The first unavoidable reason for RBI jumping the bimonthly monetary policy ritual is the steady metronome of a rising inflation rate. The consumer inflation index crossed 7% in March and the April print is unlikely to provide any relief. The wholesale price index, an indicator of producer prices, has been in double digits for almost a year now. Food and fuel prices remain elevated. And though the domestic economy was showing some early signs of revival, global headwinds are likely to present some challenges. The combination of a rising inflation rate and an impending slowdown in economic growth could entrench high inflation rates for longer periods. This will make inflation a self-fulfilling phenomenon in the economy.

But, then, there is also the issue of timing. The central bank could have increased interest rates a fortnight ago, or even a month ago at the financial year’s first bimonthly MPC meeting. Little has changed since then: the spill-over effects from the Russia-Ukraine conflict were still as detrimental, and the inflationary storm was blowing even then. In fact, even the bond markets were expecting some rate action in April.
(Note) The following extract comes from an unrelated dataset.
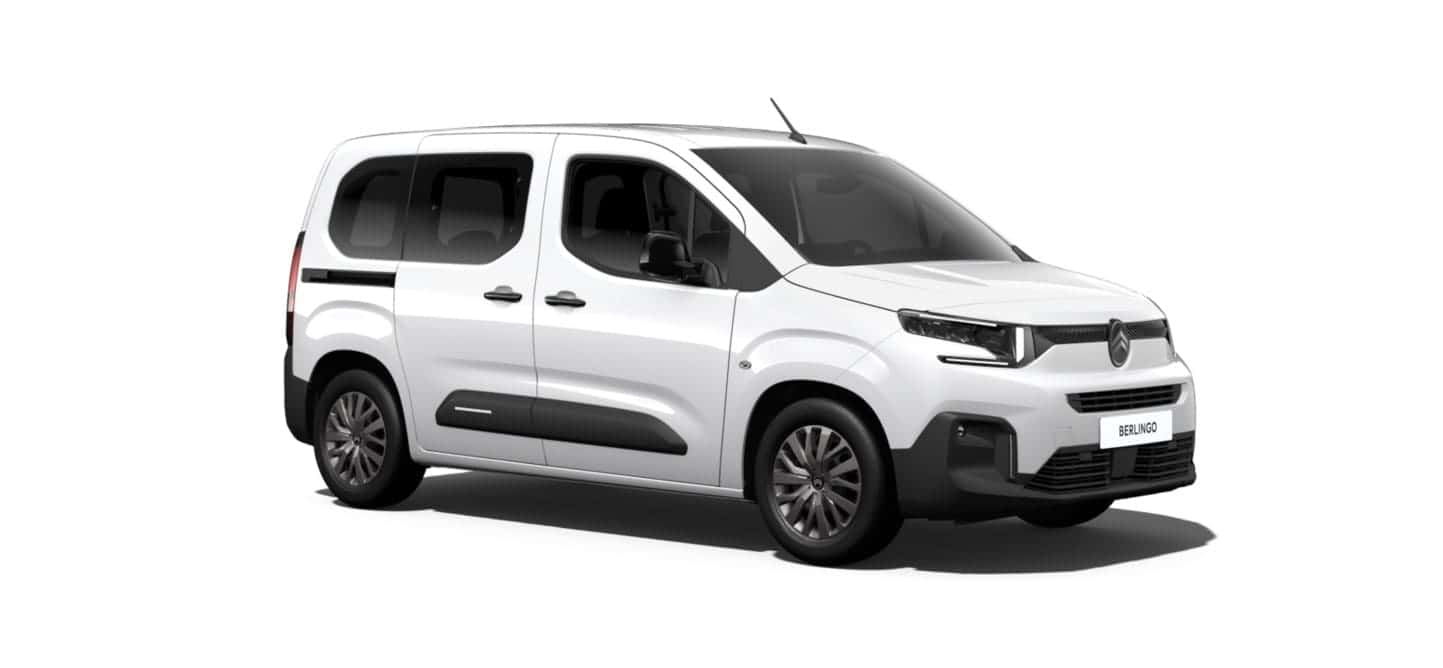 Renting New Citroën Berlingo Combi You Blanco Banquisen Furgoneta 5 Plazas Model Year 2025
But, instead, the RBI has decided to increase its rates hours before the USA’s Federal Reserve hiked its dollar interest rates by 50 basis points.

In hindsight, it would seem that the central bank is somewhat concerned about the reversal of short-term external flows after the Fed’s decision. A large chunk of India’s foreign exchange inflows is believed to be rate-agnostic; conversely, short-term flows tend to be rate-sensitive and any abrupt disruption in flows could induce near-term exchange volatility, further contributing to the build-up of inflationary pressures in the system.
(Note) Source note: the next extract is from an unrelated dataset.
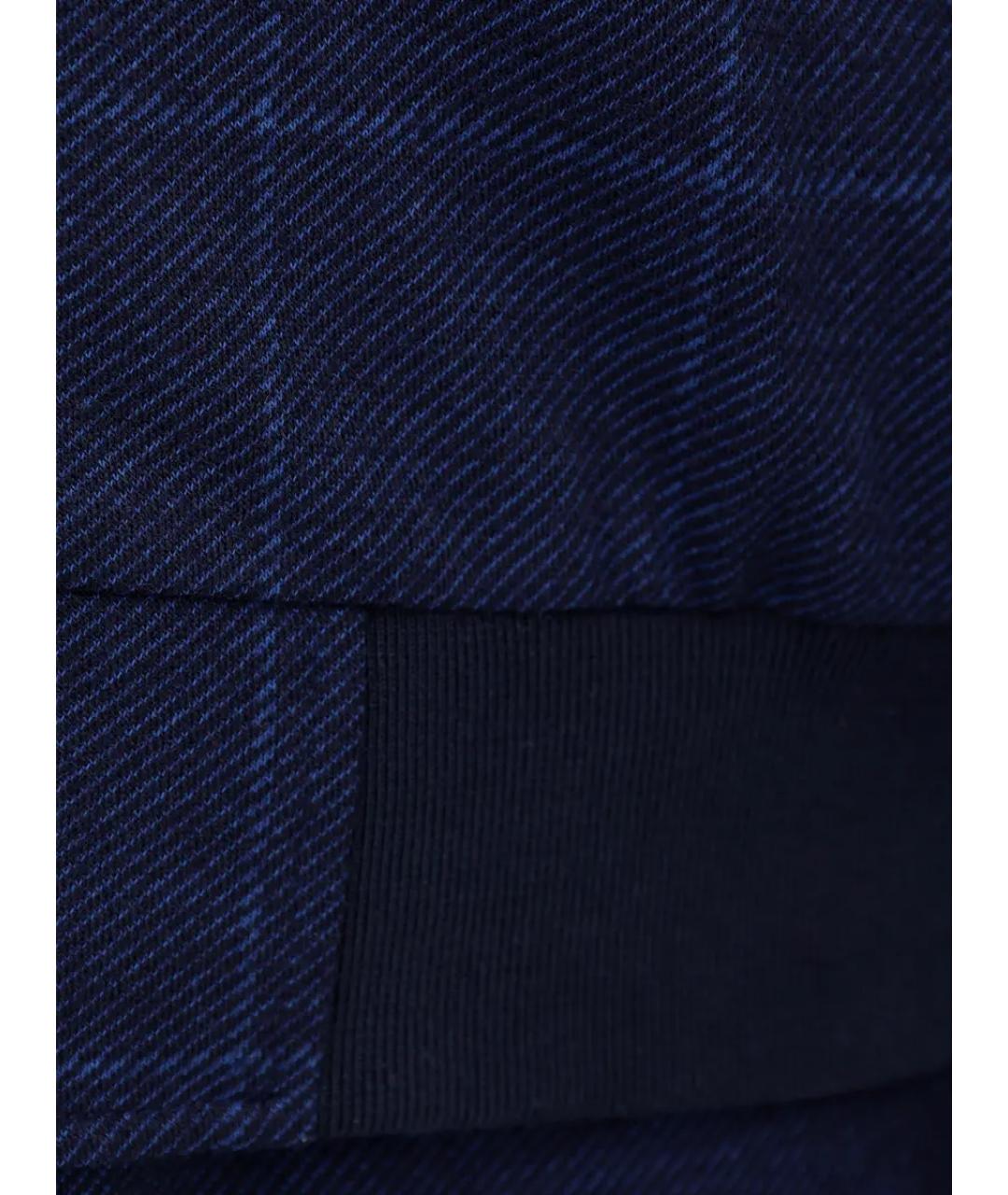 CAPOBIANCO Синий повседневный костюм, фото 6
The RBI has been content to let the rupee float down gently over the past few weeks. However, given the unrelenting price pressures on food and fuel prices globally, as well the continuing supply chain disruptions (exacerbated by the lockdown in China), there is a risk of the current account deficit widening, and governor Shaktikanta Das admits it as well: “The worsening of terms of trade, driven by higher commodity prices could have implications for the current account deficit in 2022-23, but it is expected to be comfortably financed". Despite these brave words, his timing seems to give him away: he is clearly trying to minimize the consequences of the Fed’s monetary policy normalization on India’s inflation rate, via financial flows and exchange rate volatility.

The RBI has said that the monetary policy would remain broadly accommodative, even while reducing excess liquidity in the system to maintain the tricky balancing act of supporting growth while trying to limit inflation within the target zone. This hints at the possibility of a marginal acceleration in the conduct of variable rate reverse repo auctions and SDF absorptions. The CRR hike should help achieve that objective partially, though this could have a marginal dampening effect on bank earnings.
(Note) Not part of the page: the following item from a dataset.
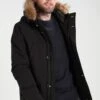 Pier One Parka - Black 1 Pier One Parka - Black -Herrenbekleidung Rabatte 089c59e5e5714c19b6a8c41831f85070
A quick word about the extent of the rate hike: 40 bps. The clue to the reason behind this odd number lies in the governor’s statement. This latest increase takes the benchmark repo rate back to the level prevailing before 22 May 2020, when it was cut by 40 bps. The rate, though, is yet to get back to pre-pandemic levels; that is, before the RBI made its first deep cut of 75bps on 27 March 2020. So, belt up, because it seems rates have a steep incline to climb hereafter.